Борланд дотянулся до двух больших сумок, лежащих на мосту. По их состоянию было видно, что они лежали здесь весь день.
– Я в этой пижаме похож на бегущую мишень, – сказал он. – Вещи на месте?
– На месте. – Литера потерла коленку.
– Не трогай, – предостерег Борланд, быстро надевая на себя защитный комбинезон. – Опять таблетки пила?
– Нога болела сильно.
– Больше нельзя. Двое суток на обезболивающих – опасно.
– А как быть?
– Потерпи, девочка.
Борланд подбросил на ладони два жетона – один старый, последний из тех, что дал ему Клинч. Другой – новый, похожий на образец, но тем не менее действующий. Взглянув на Литеру, он обнаружил, что девушка все еще прятала лицо.
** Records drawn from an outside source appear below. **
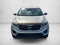 2018 Kia Sorento 2.4L L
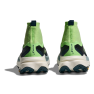 Pantofi alergare trail barbati Hoka Tecton X 3 TTW SS'25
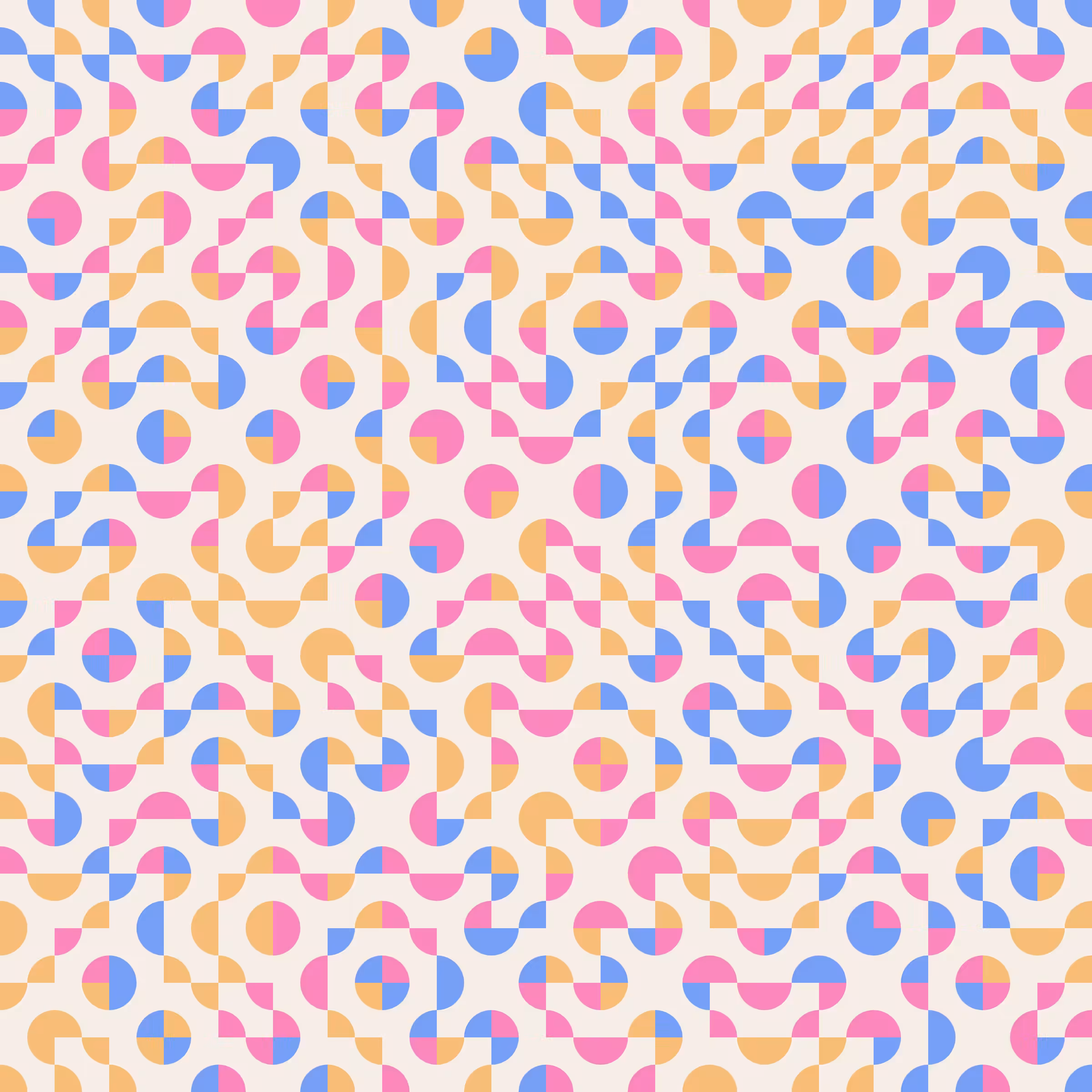 Grid Block
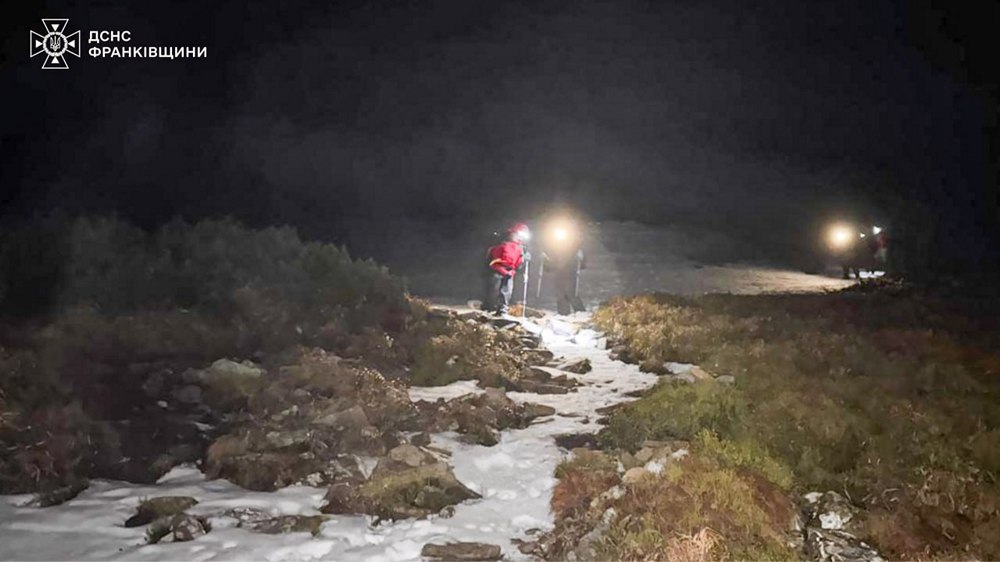 photo 2025 11 16 17 00 26 photo 2025 11 16 17 00 26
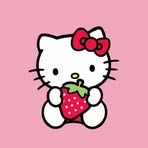 Profile Picture of Harold Deron (@Harold-Deron) on Facebook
– Что случилось? – спросил он.
– Я боялась, что ты не вернешься, – ответила она, вытирая глаза рукавом спортивной куртки. – Без тебя я тут не выживу.
– А выживать больше не нужно, – произнес Борланд, вытаскивая из второй сумки подобие рюкзака для переноски ребенка. – Пора покинуть этот гостеприимный город.
Литера молчала, пока он надевал на нее переноску. За два дня она уже привыкла к этой процедуре. Спустя минуту девушка уже оказалась у Борланда на спине, держа его за лямки на рукавах.
– У «Тектона» неплохие врачи, – сказал Борланд. – Сразу определили, что я долго таскал тяжести.
– Прекрати, пожалуйста! Мне и так плохо!